Mario Bava put an Italian giallo spin on the familiar story in 1970 with Five Dolls for an August Moon (also known as Island of Terror). The film concerns a group of wealthy friends who gather on a private island belonging to industrialist George Stark (Teodoro Corrà). One of the guests, Gerry Farrell (William Berger), is a scientist who has developed a revolutionary new formula for an industrial resin. The other businessmen are eager to purchase the formula, offering him as much as $3 million, but Gerry refuses.
The environment becomes increasingly tense as the guests begin to turn up dead, one by one.
There’s something darkly humorous about the surviving people bagging and hanging each of the dead bodies in a walk-in freezer. The off-kilter tone is matched by Piero Umiliani’s emphatic score, which often sounds out of place yet somehow works well.
The downfall of Five Dolls for an August Moon is its lack of character development. These types of whodunit mysteries rely on the audience caring about each person involved in the story. With Five Dolls, on the other hand, the viewers barely learn half of the characters’ names, let alone familiarize themselves enough to feel any impact upon their death. As a result, the suspense is minimal, while plot becomes confusing at times and borders on incoherent at others.
Bava’s contempt for the material may have been a reflection on his role as a director-for-here. He was brought in at the last minute and, therefore, had little creative input. (He did, however, edit his own work for the first and only time.) A majority of the death scenes occur off-screen, which is unusual for Bava and likely a result of the production’s rushed schedule.

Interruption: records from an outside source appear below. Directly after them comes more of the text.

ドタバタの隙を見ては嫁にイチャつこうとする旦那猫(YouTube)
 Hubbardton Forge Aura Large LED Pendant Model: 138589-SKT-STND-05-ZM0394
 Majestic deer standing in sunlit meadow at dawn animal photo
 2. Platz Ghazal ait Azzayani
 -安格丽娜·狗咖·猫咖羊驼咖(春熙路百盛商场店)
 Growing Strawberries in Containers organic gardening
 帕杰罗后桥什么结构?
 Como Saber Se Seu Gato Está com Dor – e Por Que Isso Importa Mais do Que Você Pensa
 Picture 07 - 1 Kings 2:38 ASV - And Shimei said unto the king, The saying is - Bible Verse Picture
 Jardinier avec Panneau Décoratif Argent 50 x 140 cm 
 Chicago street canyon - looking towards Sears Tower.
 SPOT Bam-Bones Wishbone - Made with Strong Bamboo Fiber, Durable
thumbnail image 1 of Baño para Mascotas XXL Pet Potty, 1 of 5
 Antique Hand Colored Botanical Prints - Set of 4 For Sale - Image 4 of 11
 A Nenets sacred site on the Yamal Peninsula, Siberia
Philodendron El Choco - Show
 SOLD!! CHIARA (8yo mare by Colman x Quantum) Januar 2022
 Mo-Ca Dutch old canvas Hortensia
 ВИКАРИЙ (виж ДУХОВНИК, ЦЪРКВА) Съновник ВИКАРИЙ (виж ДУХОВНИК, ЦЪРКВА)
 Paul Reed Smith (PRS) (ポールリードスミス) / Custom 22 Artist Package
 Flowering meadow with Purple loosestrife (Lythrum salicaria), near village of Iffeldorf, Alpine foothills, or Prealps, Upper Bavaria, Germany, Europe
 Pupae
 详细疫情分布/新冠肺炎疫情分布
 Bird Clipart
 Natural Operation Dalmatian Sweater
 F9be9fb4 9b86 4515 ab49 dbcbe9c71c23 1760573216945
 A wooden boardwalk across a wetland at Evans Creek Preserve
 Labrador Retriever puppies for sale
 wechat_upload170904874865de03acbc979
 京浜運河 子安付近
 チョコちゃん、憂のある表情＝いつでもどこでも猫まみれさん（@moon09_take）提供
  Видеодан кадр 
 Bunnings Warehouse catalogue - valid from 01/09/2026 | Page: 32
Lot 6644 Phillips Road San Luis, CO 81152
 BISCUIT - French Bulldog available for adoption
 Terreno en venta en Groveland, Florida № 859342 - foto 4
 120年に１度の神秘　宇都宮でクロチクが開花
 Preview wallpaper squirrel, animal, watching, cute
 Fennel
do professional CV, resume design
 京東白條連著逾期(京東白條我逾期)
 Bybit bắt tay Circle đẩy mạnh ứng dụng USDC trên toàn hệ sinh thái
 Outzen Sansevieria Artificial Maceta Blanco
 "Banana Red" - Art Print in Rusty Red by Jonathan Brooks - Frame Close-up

The movie is beautifully shot, as expected from a Bava picture (working with his regular cinematographer at the time, Antonio Rinaldi). It features one of the most gorgeous shots of Bava’s career; a spilled display of glass orbs cascades through rooms and down a spiraling set of stairs before landing in a bathtub containing a dead body. There’s an emphasis on blue tones, and the film’s many zooms and focus pulls add to the dreamlike nature. There’s also an impressively fluid Steadicam-style shot, created before the technology existed.
Five Dolls for an August Moon’s visual mastery can now be experienced in high definition, courtesy of Kino Lorber. The Blu-ray was mastered from a 35mm negative of the English-language version. (Since the actors spoke several different languages – Italian, French and English – there is no real original-language cut of the film, although an Italian version was previously available on DVD.) The disc also includes a new audio commentary by film historian Tim Lucas, which is among his most educational contributions to The Mario Bava Collection, as well as Bava trailers.
One of Bava’s more obscure works, Five Dolls for an August Moon did not receive an official U.S. release until it hit DVD in 2001. Bava, himself, once called it his worst effort, but that is far from the truth. Derivative and convoluted as it may be, the misunderstood Five Dolls for an August Moon is visually striking enough to avoid ever becoming boring.